__Task to complete__
The answer must consist solely of the lines below starting at the one containing "Christmas Tree die cut card on a mantlepiece" and ending at the one containing "90s 90年代 ディズニー Diseny ミッキーマウス 赤 レッド 半袖 赤", repeated exactly, with both ends included and all pictures omitted.

__Provided data__
____
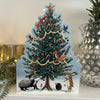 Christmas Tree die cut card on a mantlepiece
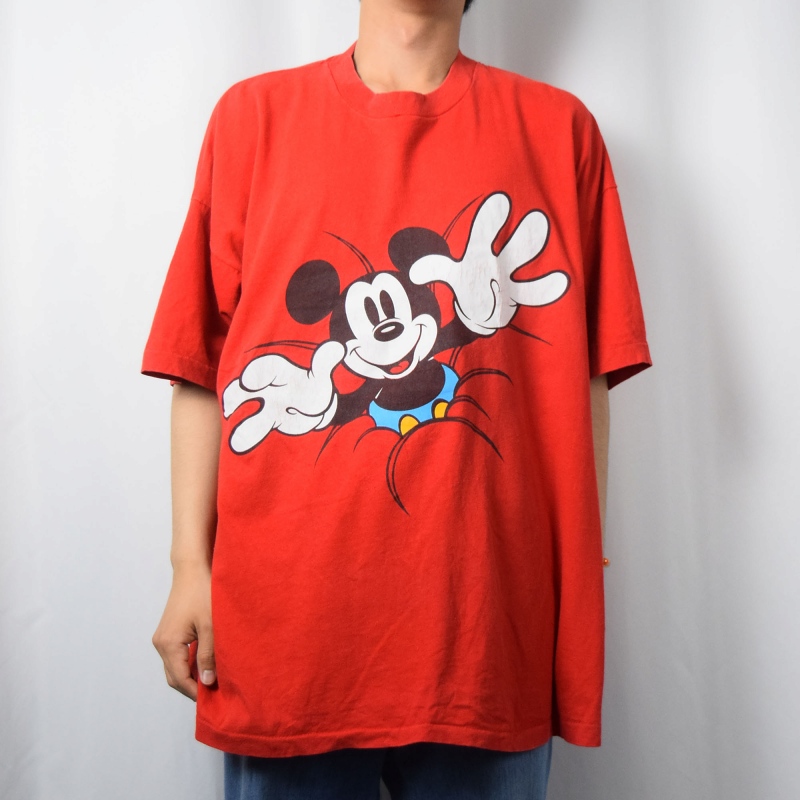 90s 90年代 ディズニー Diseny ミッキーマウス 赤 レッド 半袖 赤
____
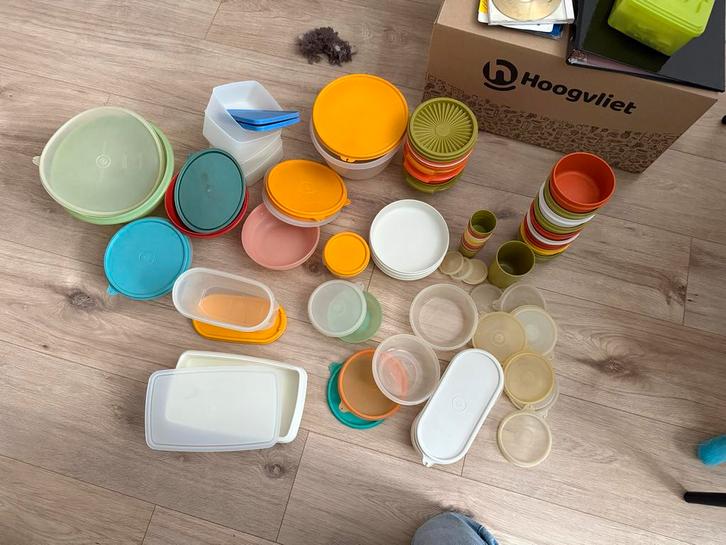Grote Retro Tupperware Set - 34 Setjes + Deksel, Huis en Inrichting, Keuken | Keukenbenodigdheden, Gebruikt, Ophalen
____
__Finished task__
 Christmas Tree die cut card on a mantlepiece
 90s 90年代 ディズニー Diseny ミッキーマウス 赤 レッド 半袖 赤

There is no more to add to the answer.